Eric Parkhill has no answers to such questions - or a single known blood-relation. A modern-day foundling, in a long tradition stretching back to Romulus and Remus, and including famous fictional foundlings like Tom Jones, Heathcliff and Oliver Twist, he was abandoned as an infant in a Croydon recreation-ground and given the name of the park-keeper who found him.

Growing up in care, with frequent moves from so-called home to home, his one refuge is the public library, where an altruistic librarian saves him from a dead-end future and eventually encourages him to enter her own profession.

“Writing Broken Places involved a steep learning curve,” Perriam says, of this, her first novel in 8 years. “I knew little about libraries and nothing about children’s homes. Many of those in care have already led blighted lives since birth, and go on to suffer every disadvantage, through no fault of their own. Although shocked by the injustice, I wrote the book as a comedy – light treatment for dark subjects.”

Fear is one such subject. Eric is prey to many terrors – as is Perriam herself. Fear is something of a paradox, in that it’s a basic human drive compelling us to action, yet can result in total paralysis. 2.5 million people in the UK alone suffer from phobias, and the average Briton spends 2½ hours a day worrying – a total of 6½ years over the course of the average lifetime. “More like twenty years in my own case!” Perriam admits.

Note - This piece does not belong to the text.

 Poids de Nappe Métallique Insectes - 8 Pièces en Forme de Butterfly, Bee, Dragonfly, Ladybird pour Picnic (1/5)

Yet her aim is to make the reader laugh - and the novel also helped her personally. “My daughter had recently died of tongue-cancer, leaving two small sons, whose father had already died. To cope with my grief, I plunged myself into work, feeling I was writing the book for her. Sometimes I had the uncanny sense that she was helping me from beyond the grave. Who knows?”



About the Author

Wendy Perriam has been writing since the age of 5, completing her first ‘novel’, A Pony At Last, on her 12th birthday. Expelled from boarding school for heresy - told she was in Satan’s power and in danger of eternal damnation - she escaped to Oxford, where she read History and also trod the boards. After a variety of offbeat jobs, ranging from artist’s model to carnation-disbudder to researcher on medieval cookery, she now divides her time between teaching and writing. Having begun by writing poetry, she went on to publish 15 novels and 6 short-story collections. She has also written extensively for newspapers and magazines.

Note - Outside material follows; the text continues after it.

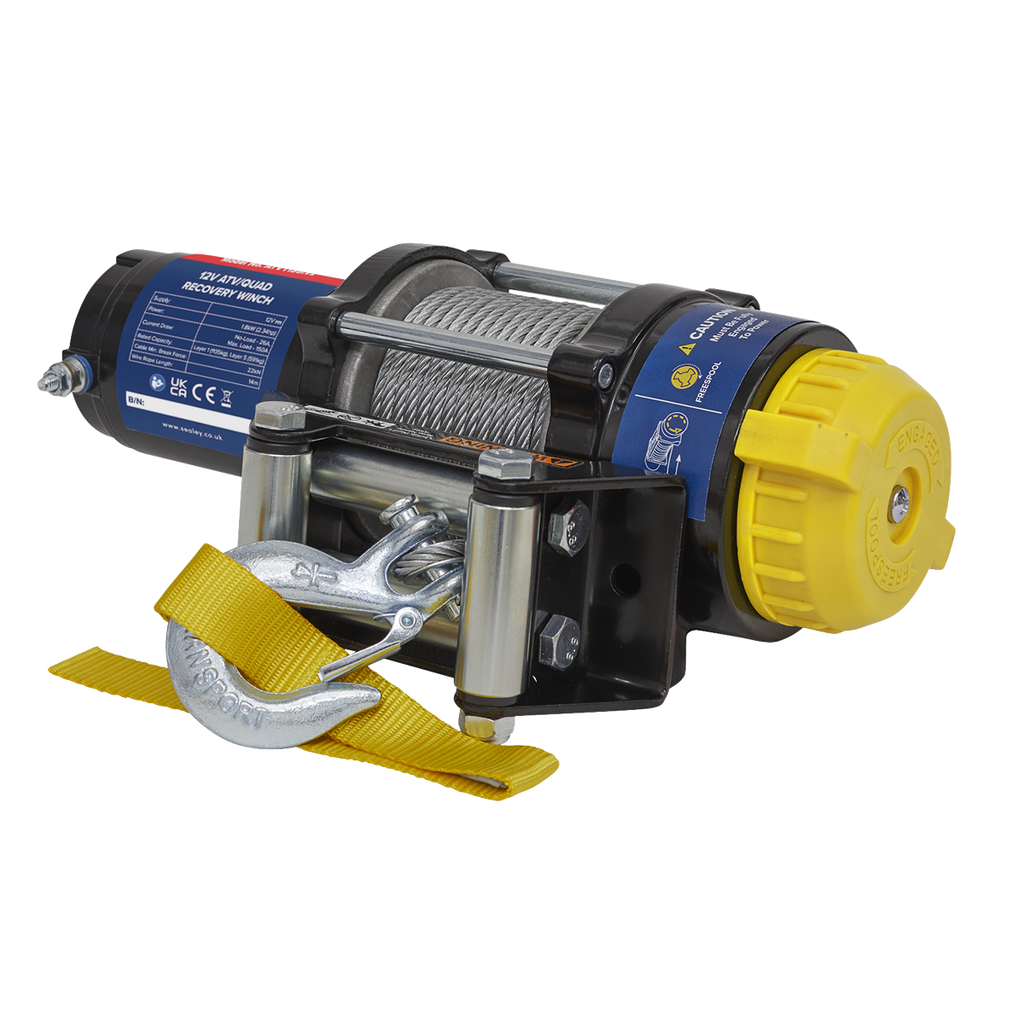 ATV/Quad Recovery Winch 1135kg (2500lb) Line Pull 12V ATV1135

Wendy feels that her many conflicting life experiences – strict convent-school discipline and swinging-sixties wildness, marriage and divorce, infertility and motherhood, 9-to-5 conformity and periodic Bedlam – have helped shape her as a writer. ‘Writing allows for shadow-selves. I’m both the staid conformist matron and the slag; the well-organised author toiling at her desk and the madwoman shrieking in a straitjacket.’

Notes to Editors
Wendy Perriam’s latest novel, Broken Places, will be published in hardback by Robert Hale on 31 August, 2010.
Wendy is available for interview. Her previous novels include Absinthe for Elevenses, After Purple, Born of Woman, Sin City, Second Skin and Tread Softly.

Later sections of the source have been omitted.